As you point out, the important thing is that, for each Q, P only needs to be computed once for the whole tree, so the computation of P itself is not included in the (per branch) complexity. This only works if Q is fixed over the whole tree though. What if Q (and hence D) is changing over the tree though? Then the complexity of computing P has to be included for every branch. That’s why I point to the K3ST example. In that case P=H, no matter what Q is.

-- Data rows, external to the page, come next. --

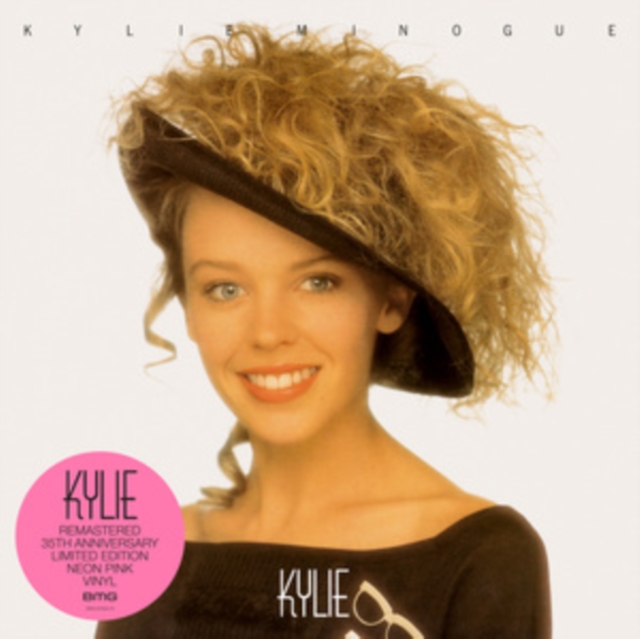 Kylie (35th Anniversary Edition), Vinyl / 12" Album Coloured Vinyl (Limited Edition) Vinyl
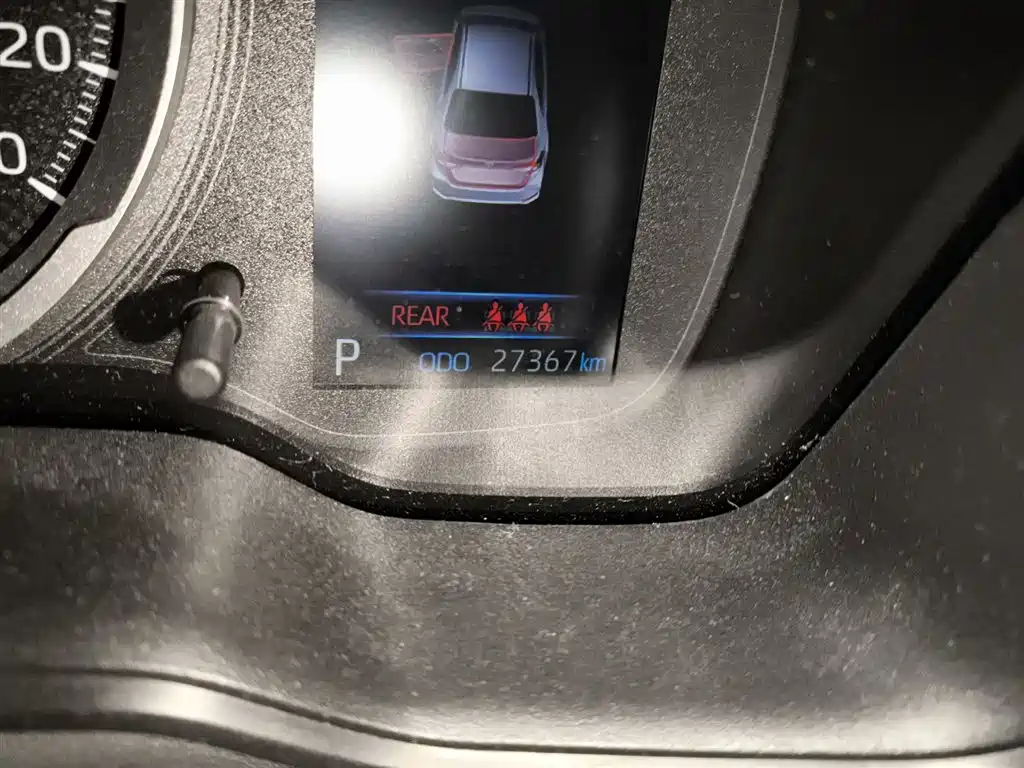 Toyota Corolla 2021 1.2T S-CVT Pioneer PLUS Edition фото 5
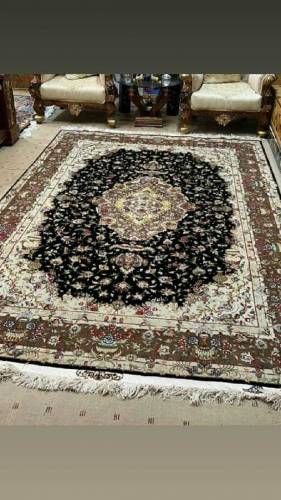 rugs & vintage. 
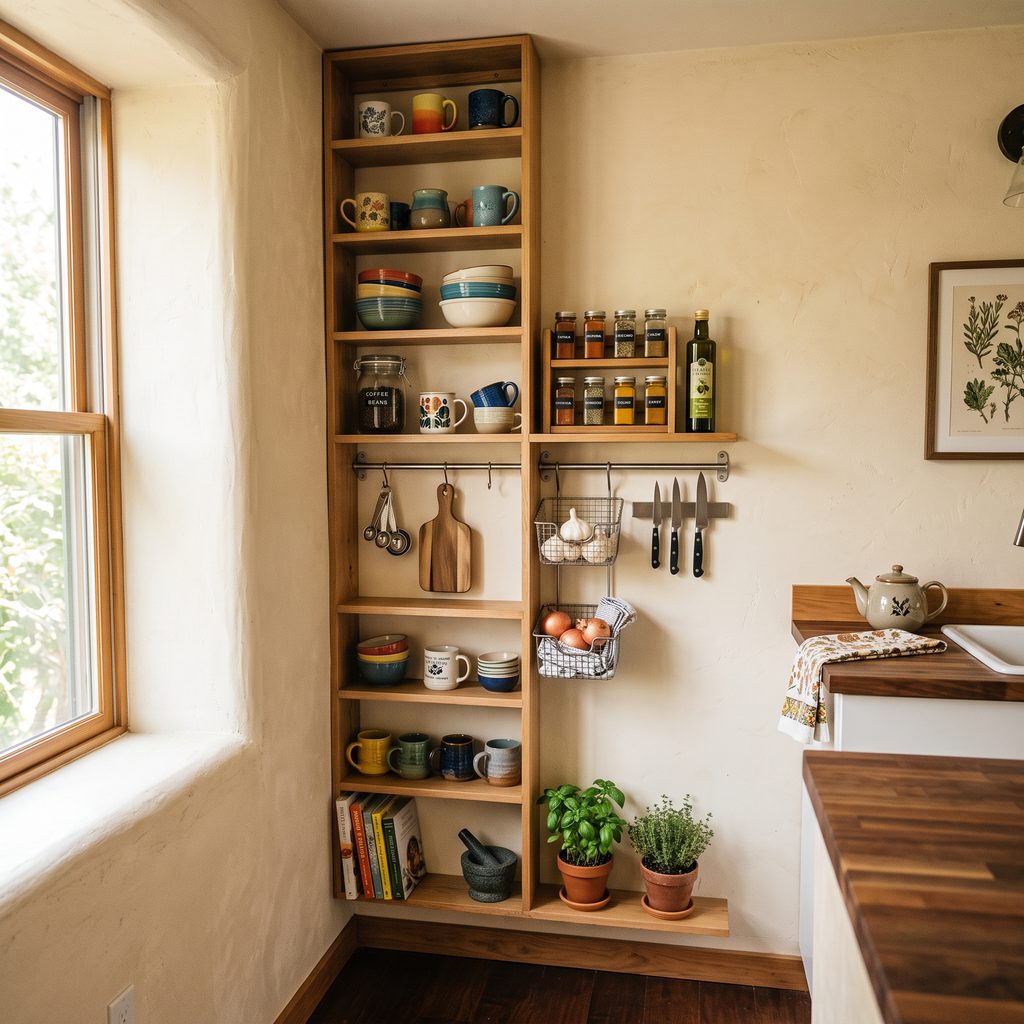 15 small kitchen ideas to maximize space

I think my interest in this is fairly idiosyncratic. I don’t want to distract from the main point of discussion.

ematsen

@jgsumner and @nicolas_lartill I moved this discussion here. I know @Alexis_RAxML has some nice strategies along these lines.

nicolas_lartill

yes exactly: it all depends on the exact situation. It is just a question of the relative cost of matrix diagonalization, exponentiation, and likelihood computation. The relative weights of those things really depend on the model.

In this respect, the work of @vminin is particularly interesting when you have different rate matrices for each site and/or each branch

nicolas_lartill

yes, you are right. This is kind of a side track, in the other topic

thanks

vminin

The fact that @nicolas_lartill finds our work interesting makes the outcome of the formal peer-review totally irrelevant for me, seriously!

jgsumner

By the way, thanks for pointing this out (option (1) vs. (2) that is). It’s a very nice subtle thing I’d never fully appreciated before.